Selon Les Echos qui ont révélé ce projet, cela passera par un triplement du produit de la taxe de solidarité sur les billets d’avion, qui est aujourd’hui de 460 millions d’euros, avec des efforts plus importants demandés aux passagers « business » ou long-courrier. L’aviation d’affaires sera également davantage mise à contribution, selon le quotidien économique.

Une nouvelle taxe redoutée sur les énergéticiens

La nouvelle ministre de l’Écologie et de l’Énergie, Agnès Pannier-Runacher, a mis en garde le 2 octobre contre une nouvelle taxe sur les centrales de production électriques qui pourrait rapporter 3 milliards d’euros à l’État mais risquerait d’être « ensuite immédiatement reprise dans les factures des Français ».

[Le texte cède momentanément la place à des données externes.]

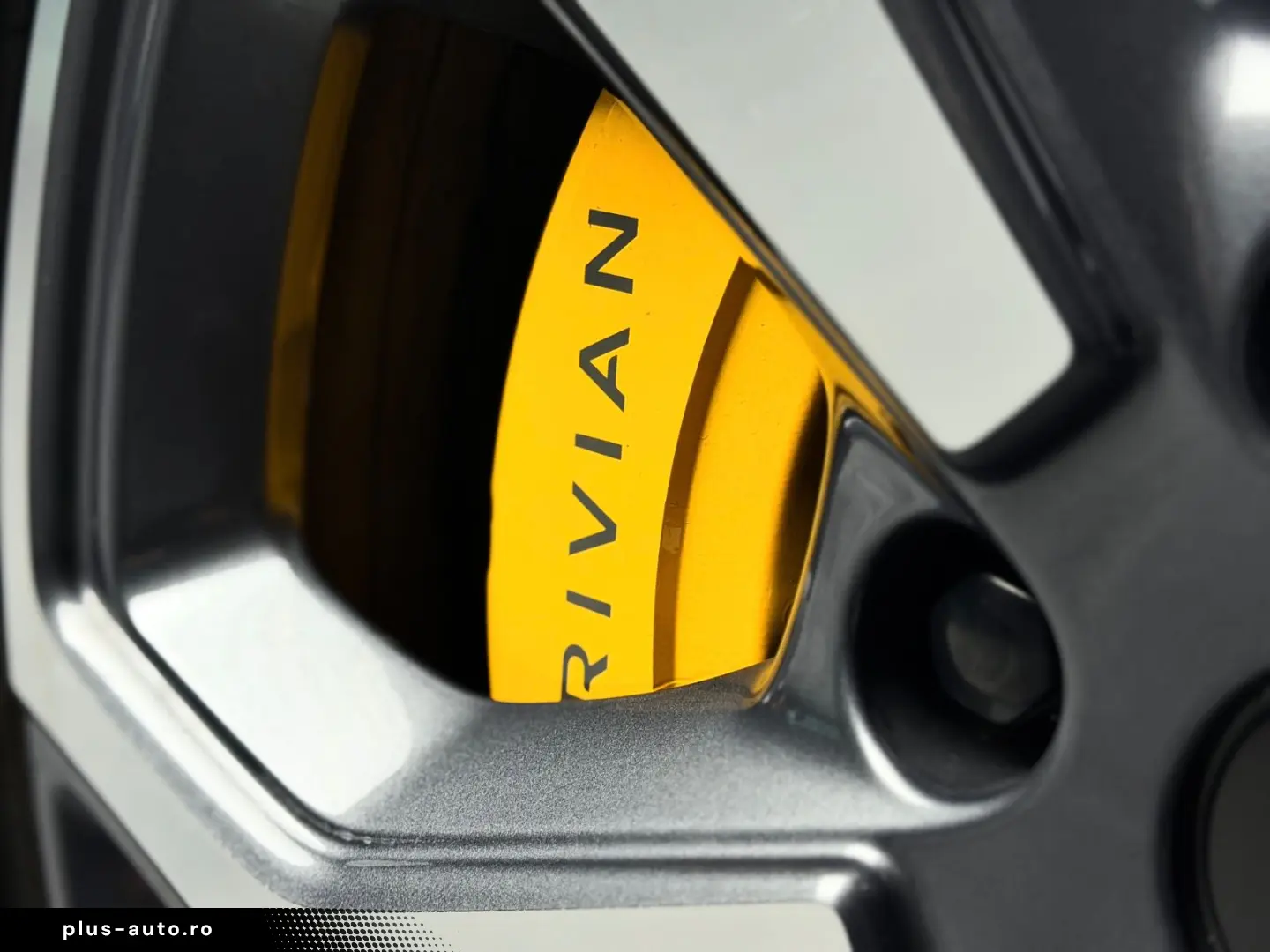 ANDERE Rivian R1T Quad-Motor AWD  Adventure Edition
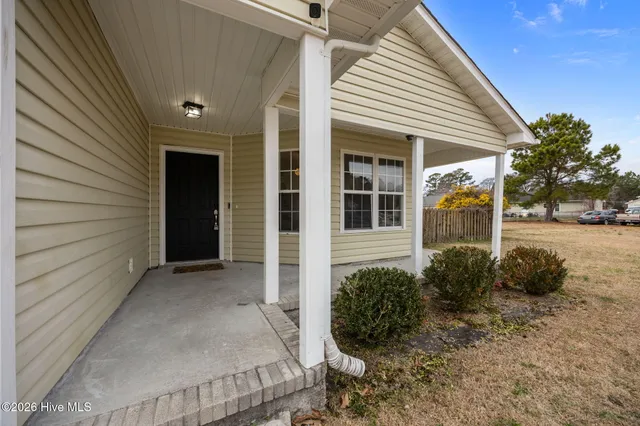 $275,000 | 424 Boysenberry Lane, Hubert, NC 28539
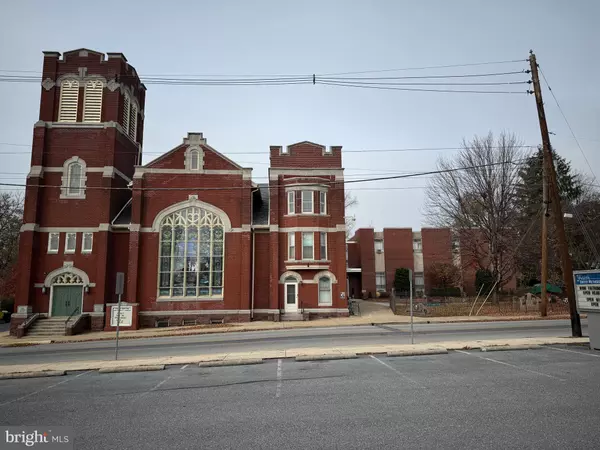 Waynesboro, PA 17268,104 N POTOMAC STREET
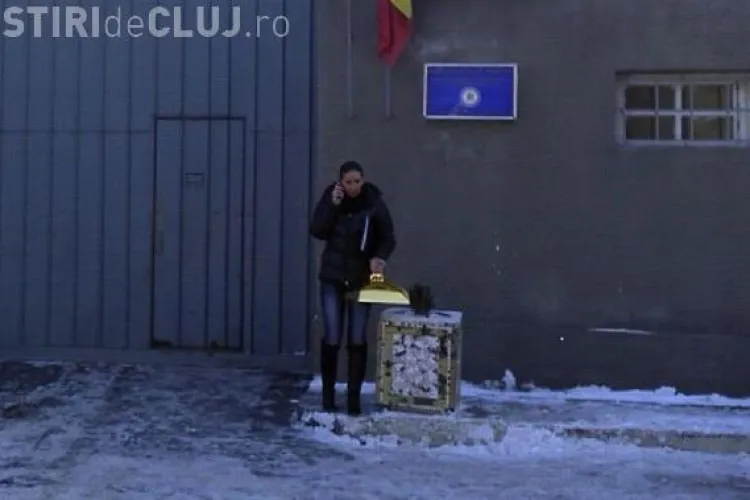 Avocata lui Sorin Apostu i-a dus un tort la Dej, dar a iesit cu el in mana VIDEO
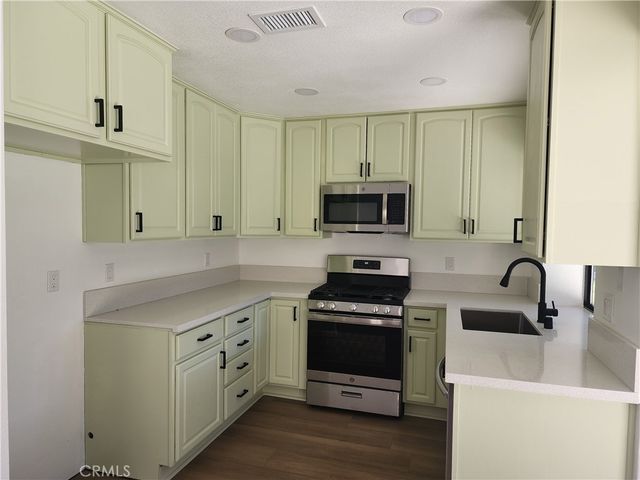 37749 Autumn Lane, Palmdale, CA 93550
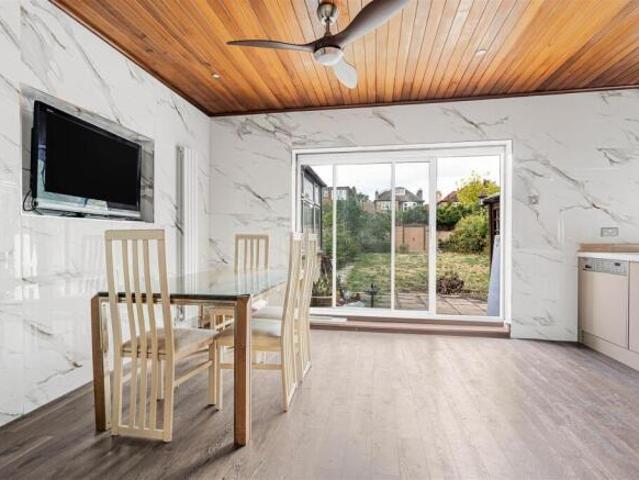 Farm for sale in Woodside Park, Greater London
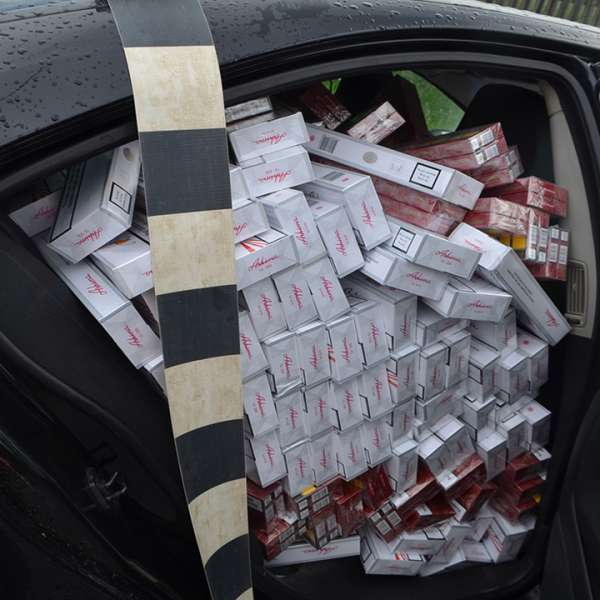 Țigări în valoare de 86.000 lei, confiscate la frontiera de nord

« Il est important, en matière de taxation de l’énergie […] d’être vigilant sur l’augmentation des prix de l’énergie. Les Français ont traversé trois ans de hausse des coûts de l’énergie. Nous sommes aujourd’hui à un moment où les marchés sont en train de baisser, […] et ça doit finir par se voir dans la facture des Français », a déclaré la ministre.

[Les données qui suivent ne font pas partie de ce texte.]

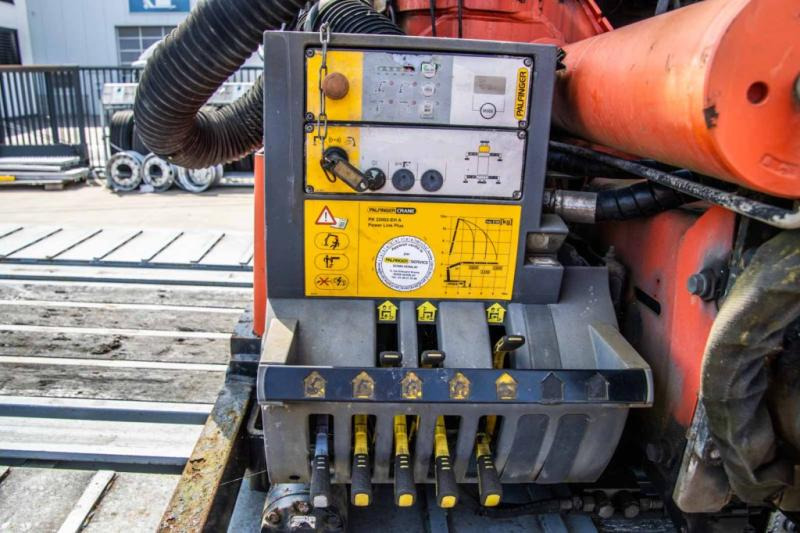 Semi-remorque surbaissé Castera CRANE/KRAN/GRUE-PALFINGER 22002 (2xHydr.): photos 6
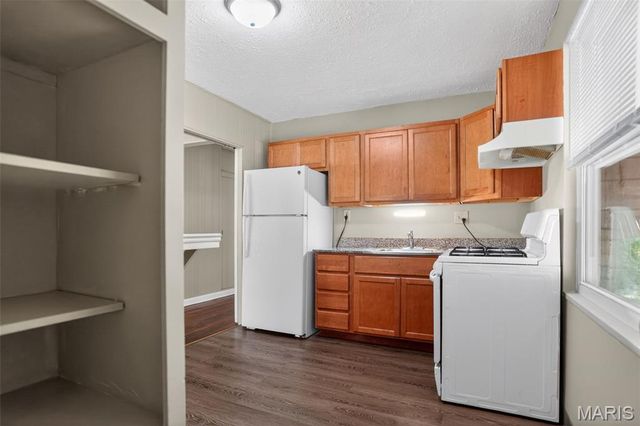 9946 Lanier Drive, St Louis, MO 63136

La nouvelle ministre de la Transition écologique a rappelé également que « la transition écologique et énergétique est une priorité absolue ». Agnès Pannier-Runacher a insisté sur la mise en œuvre des « quatre grands piliers » de la transition énergétique : l’efficacité et la sobriété énergétique, « toutes les énergies renouvelables » et le nucléaire, un « atout pour la souveraineté de la France et de l’Europe et pour le climat ».

Le budget du ministère de la Transition écologique impacté par les économies

Le Premier ministre Michel Barnier a dit vouloir « ramener le déficit à 5 % (du Produit intérieur brut) en 2025 » contre plus de 6 % craints en 2024 et le faire revenir « sous le plafond de 3 % en 2029 », dans le respect des « engagements européens » de la France, assurant que l’effort proviendrait aux « deux tiers » de la réduction des dépenses.

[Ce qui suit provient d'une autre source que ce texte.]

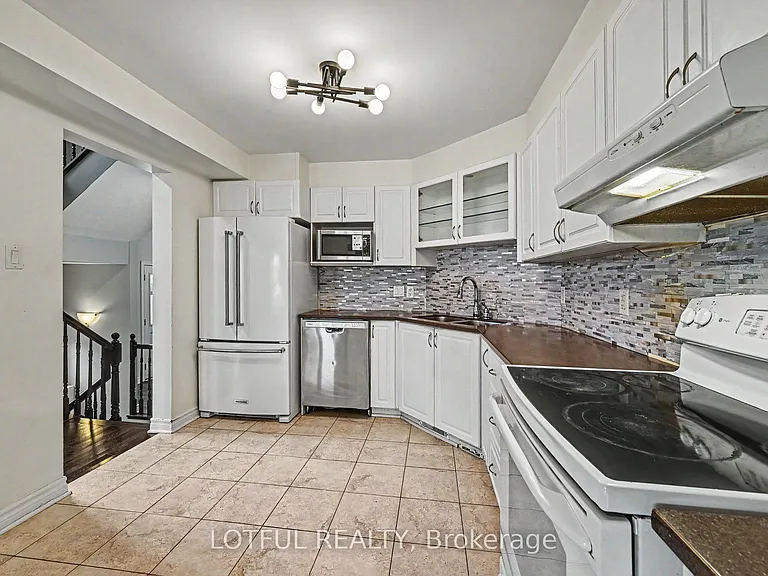 2201 Marble Cres — Photo 10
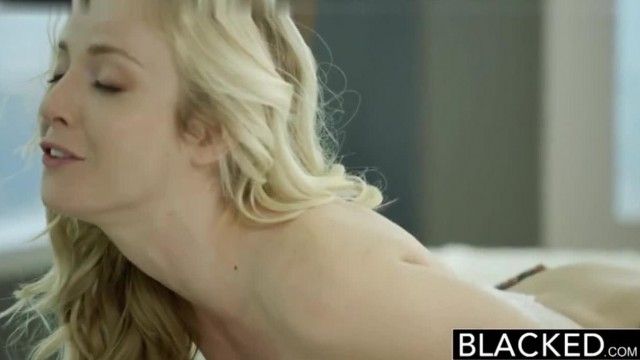 高颜值温柔小姐姐白色丝袜纯纯挡不住硬了要搞穴作品 妹子吞吐起伏逼逼粉嫩啊美臀插入啪啪猛操销魂720P高清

Fin août, lors de l’envoi des « lettres-plafonds » destinées à préparer le budget de 2025, les crédits du ministère de la Transition écologique se voyaient amputés d’un milliard et demi d’euros pour le fonds vert et d’un milliard pour l’électrification des véhicules.

Le budget de l’Agence de la transition écologique (Ademe) consacré aux collectivités et aux entreprises pourrait ainsi passer de 1,373 milliard à 900 millions d’euros. « Les orientations évoquées ne permettraient pas de garantir un financement efficace de la transition écologique », déclarait alors une source du ministère démissionnaire.

Matignon précisait alors que le budget augmenterait cependant au total de 2,8 milliards d’euros. Sur le fonds vert, Matignon souligne que les versements de l’État aux collectivités locales progresseront de 340 millions d’euros en 2025. La baisse de 1,5 milliard concerne des projets prévus sur plusieurs années. Sur l’électrification des véhicules, la baisse pourrait être de 500 millions d’euros, pour un budget d’un milliard d’euros en 2025 contre un milliard et demi en 2024.

Des chiffres qui seront confirmés lors de la présentation de la trajectoire budgétaire du gouvernement attendue au plus tard le 31 octobre.